By Lesley Podesta
At the end of a year that saw so much high-profile discussion about children’s rights to feel safe, how tragic it is that we find ourselves mourning the suicide of young Queenslander Tyrone Unsworth, and asking how his death could have been prevented.
Tyrone’s loss is a devastating reminder about the urgent need to change the way we manage bullying in our schools.
Tyrone was a 13-year-old Brisbane boy who tragically saw no other choice but to take his life after years of incessant homophobic bullying.
I was shocked to read that only a month prior to his death, he was assaulted by another student with a fence paling, outside school hours.
But what made my heart sink even further was reading that the day before he took his own life, he told a friend that his school did not care.
Why did Tyrone think his school didn’t care?

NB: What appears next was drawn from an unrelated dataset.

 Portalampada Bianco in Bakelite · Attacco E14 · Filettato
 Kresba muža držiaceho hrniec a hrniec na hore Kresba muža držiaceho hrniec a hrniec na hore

The school has since admitted it was aware of the assault but was unaware of the consistent bullying suffered by Tyrone. And, if the school genuinely didn’t know about the bullying, why didn’t it know?

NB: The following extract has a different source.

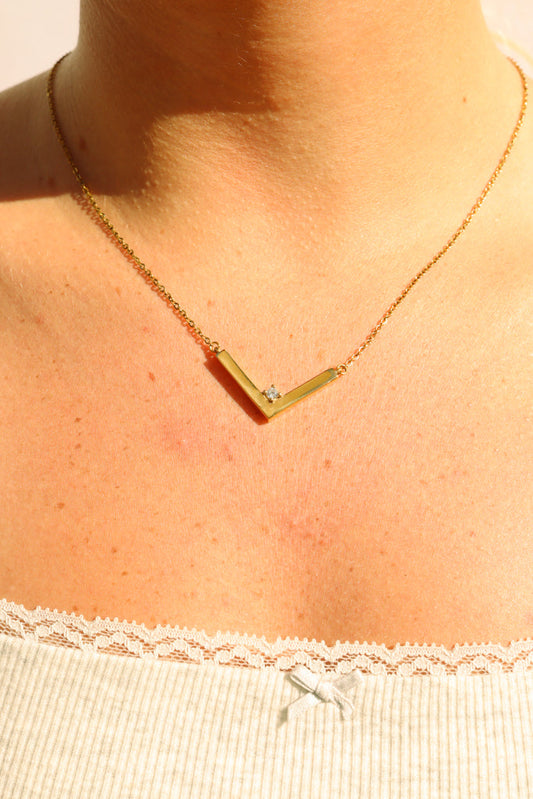 V-Shaped CZ Engravable Pendant Necklace, 18K PVD Stainless Steel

The resulting tragedy highlights that Tyrone’s school community was ill-equipped to identify and address the abuse which ultimately lead to his tragic suicide.
This incident highlights the need to support our hard-working teachers so that they can support children who are traumatised by violence and bullying, both after hours and in the schoolyard. It highlights the need to talk about respect, tolerance and friendship.

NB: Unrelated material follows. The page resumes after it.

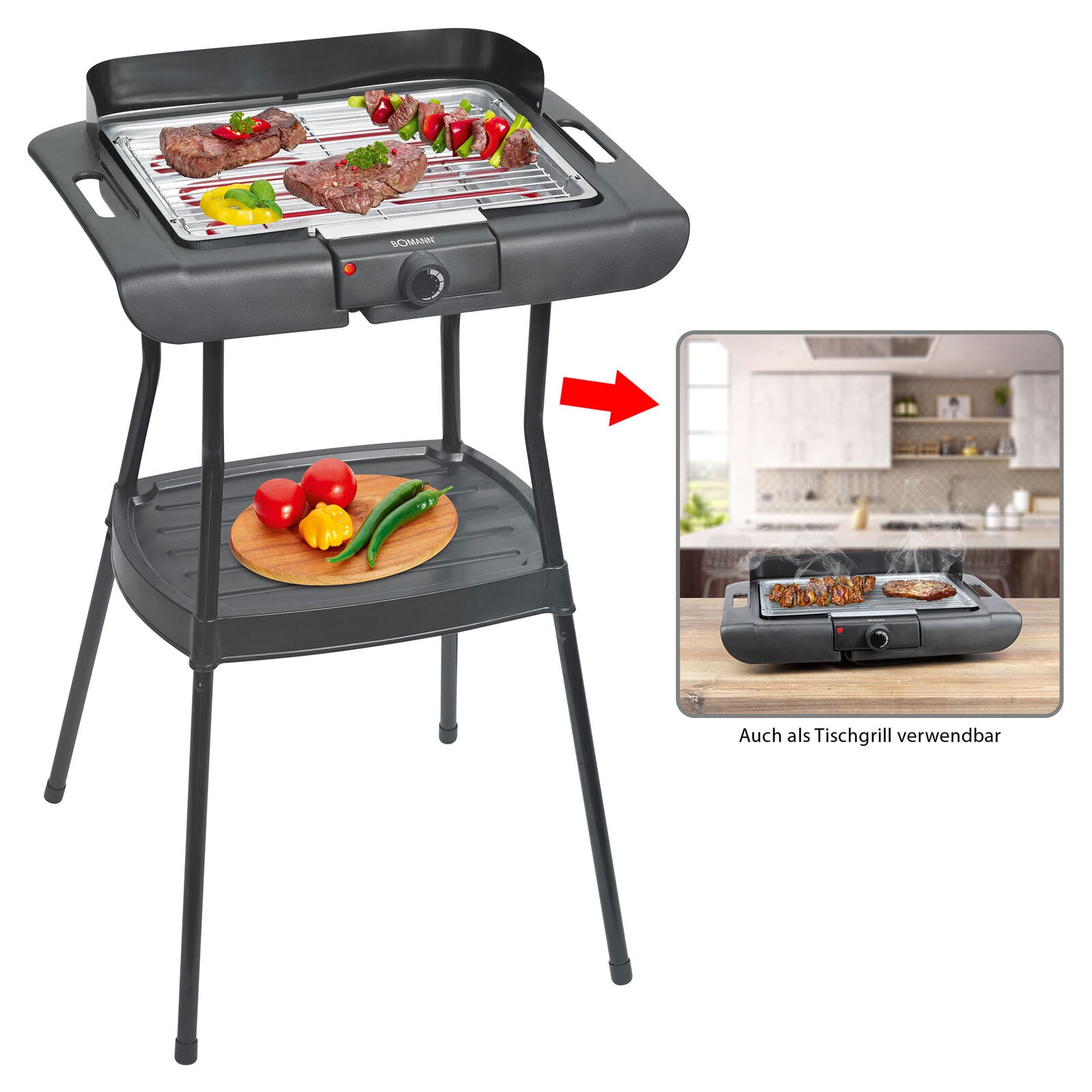 Standgrill 2000 Watt ca. 35 x 24 cm Bomann BQS 2244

The truth is we all played a role in the death of this young man, and we all have a burden to bear.
We all play a role. Our schoolyards mirror the values of our community, our children reflect the world around them. We need to understand the consequences of the discussions we have, at the kitchen table, in the staff room and in the office.
Many people say that “bullying is just part of growing up”. This is wrong.
Bullying is not testing boundaries or healthy competition between peers.
Bullying is an ongoing misuse of power in relationships through repeated aggressive verbal, physical and/or social behaviour on or offline that intends to cause physical and/or psychological harm, distress or fear. It can involve an individual or a group misusing their power over one or more persons. Bullying can happen in person or online, and it can be obvious (overt) or hidden (covert).